Il Paese del Grande Fratello

di Pierfederico Tedeschini

Ci siamo, è finita l'avventura televisiva del real-show più amato dagli italiani. Non so a voi, ma a me questa frase, che incombe prepotente in ogni forma di media, mi fa pensare ad un'offesa. Ma noi non eravamo il Paese del Sessantotto, dei grandi calciatori non milionari, dei grandi letterati ed artisti in genere? In un certo senso, sembrerebbe che le menti degli italiani, di cui io sono parte, siano alquanto bacate. Fa più scalpore che Gianni abbia vinto su Peppe al Grande Fratello, non credo sia un problema se vinca la destra o la sinistra ma sicuramente dovrebbe far più scalpore questo nelle menti italiane.

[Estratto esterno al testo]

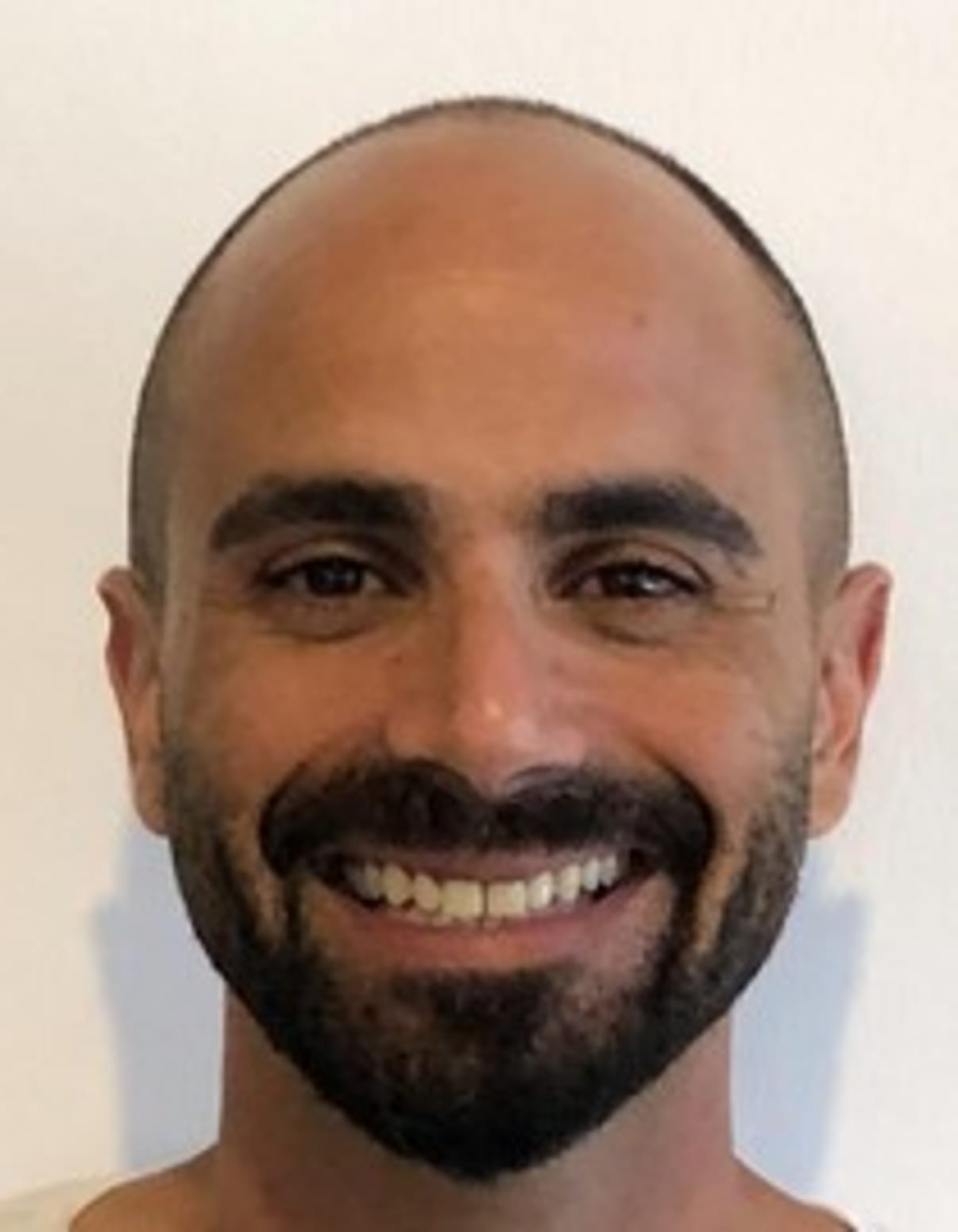 תמונת פורטרט של בעל המקצוע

Insomma quei giovani di cui io faccio parte, non si accorgono che intorno a noi c'è una crisi che ha portato un susseguirsi di cose per cui o ci rimbocchiamo le maniche e le menti o qui né Totti, né Vieri, né nessun altro ci farà comprare belle macchine e scarpe "strafighe" domani? Piacevole è guardare una bella macchina ma, tra i tanti pettegolezzi che ci corrono dietro ogni giorno, un minimo di curiosità su come quella macchina sia finita lì non ce lo chiediamo? Vorreste dirmi che non vi siete resi conto che le belle cose a cui tutti hanno sempre aspirato, oggi sono mete raggiungibili da pochi ricchi e molti furfanti che però molte volte stimiamo?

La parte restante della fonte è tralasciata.